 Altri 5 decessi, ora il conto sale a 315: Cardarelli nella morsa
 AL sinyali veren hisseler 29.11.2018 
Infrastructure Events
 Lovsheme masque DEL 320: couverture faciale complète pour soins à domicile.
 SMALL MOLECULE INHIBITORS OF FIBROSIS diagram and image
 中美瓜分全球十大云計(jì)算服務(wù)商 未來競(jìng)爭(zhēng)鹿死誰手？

*-*-*

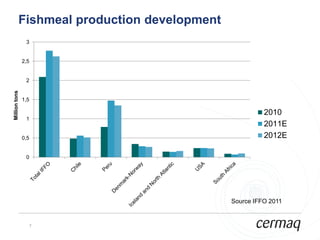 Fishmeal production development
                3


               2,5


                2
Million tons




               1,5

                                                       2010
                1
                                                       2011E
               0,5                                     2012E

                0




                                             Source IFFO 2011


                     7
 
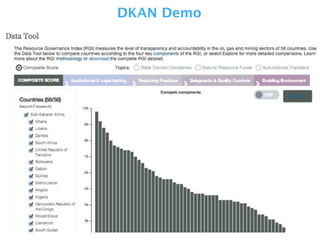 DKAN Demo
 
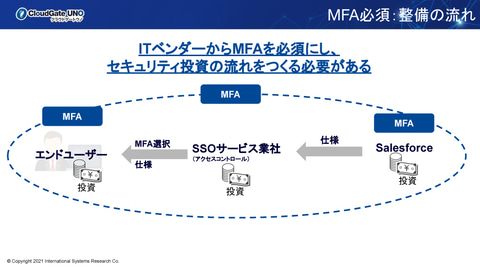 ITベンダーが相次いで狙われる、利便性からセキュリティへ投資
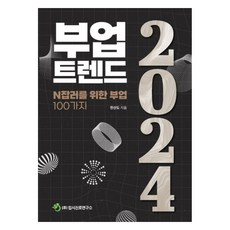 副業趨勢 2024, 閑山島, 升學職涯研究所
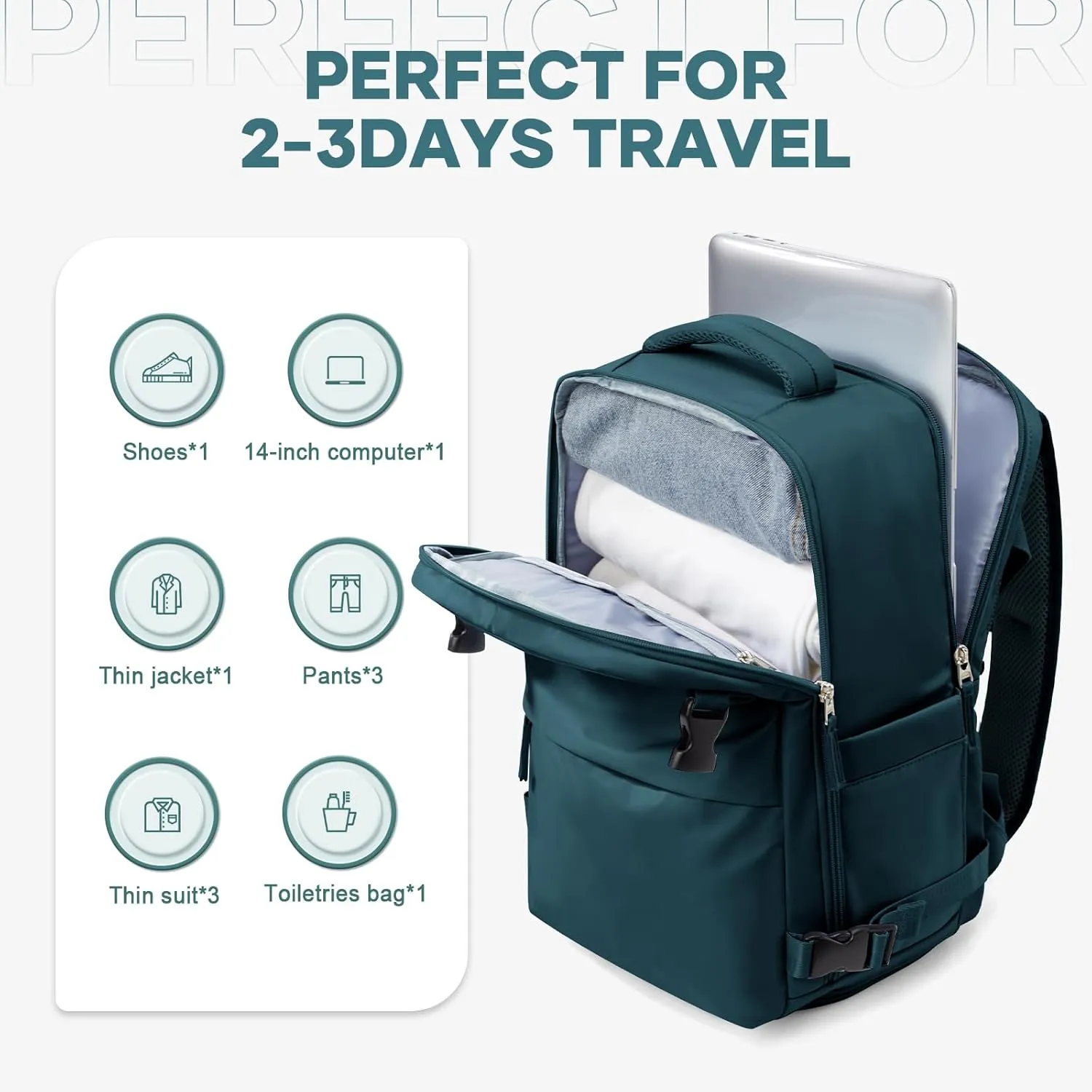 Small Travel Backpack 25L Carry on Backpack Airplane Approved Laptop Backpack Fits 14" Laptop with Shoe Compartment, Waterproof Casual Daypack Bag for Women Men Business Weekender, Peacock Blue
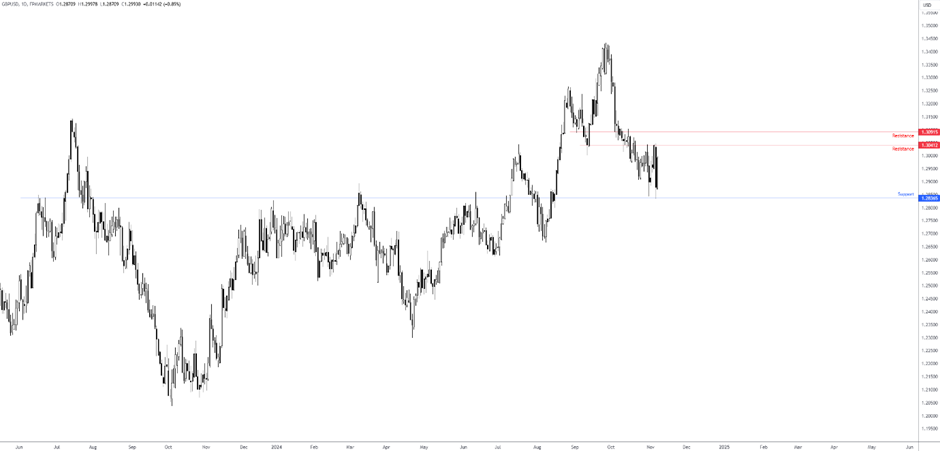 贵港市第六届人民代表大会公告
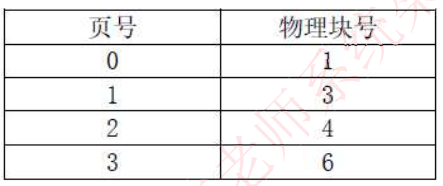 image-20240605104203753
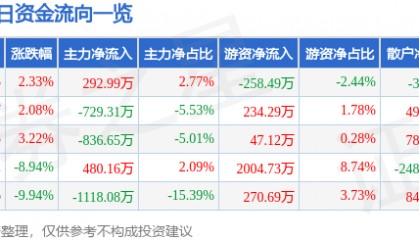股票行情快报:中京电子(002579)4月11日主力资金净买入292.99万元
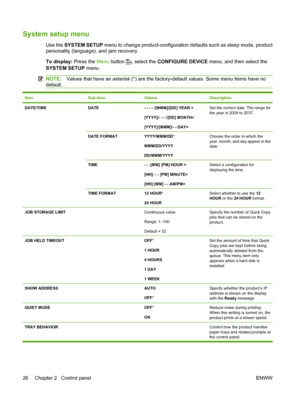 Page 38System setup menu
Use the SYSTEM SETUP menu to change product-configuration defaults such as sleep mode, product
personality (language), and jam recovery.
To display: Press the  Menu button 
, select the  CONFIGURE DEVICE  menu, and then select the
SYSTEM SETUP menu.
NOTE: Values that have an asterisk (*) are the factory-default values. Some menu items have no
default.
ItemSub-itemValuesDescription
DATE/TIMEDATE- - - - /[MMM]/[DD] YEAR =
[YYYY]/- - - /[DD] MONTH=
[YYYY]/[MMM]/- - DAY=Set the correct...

*-*-*

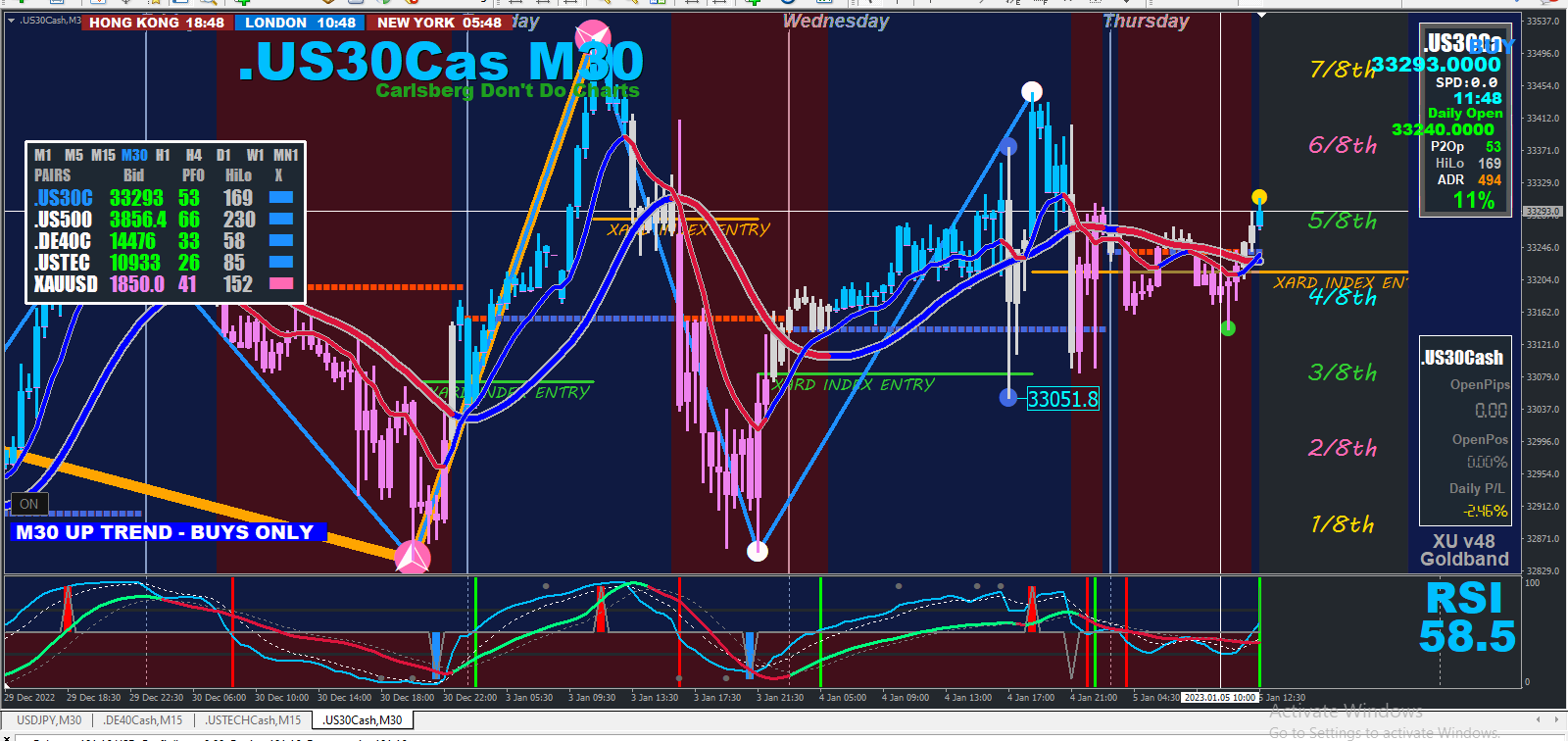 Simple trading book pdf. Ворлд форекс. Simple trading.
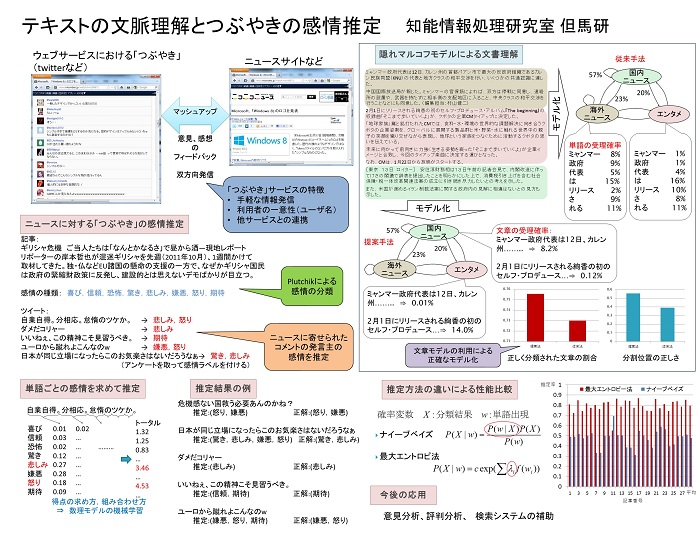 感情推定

*-*-*

## TASK TO CARRY OUT
Beginning at the line with "Altri 5 decessi, ora" and stopping after the line with "中美瓜分全球十大云計(jì)", please write out every line of the data above exactly and nothing else.

## RESPONSE
 Altri 5 decessi, ora il conto sale a 315: Cardarelli nella morsa
 AL sinyali veren hisseler 29.11.2018 
Infrastructure Events
 Lovsheme masque DEL 320: couverture faciale complète pour soins à domicile.
 SMALL MOLECULE INHIBITORS OF FIBROSIS diagram and image
 中美瓜分全球十大云計(jì)算服務(wù)商 未來競(jìng)爭(zhēng)鹿死誰手？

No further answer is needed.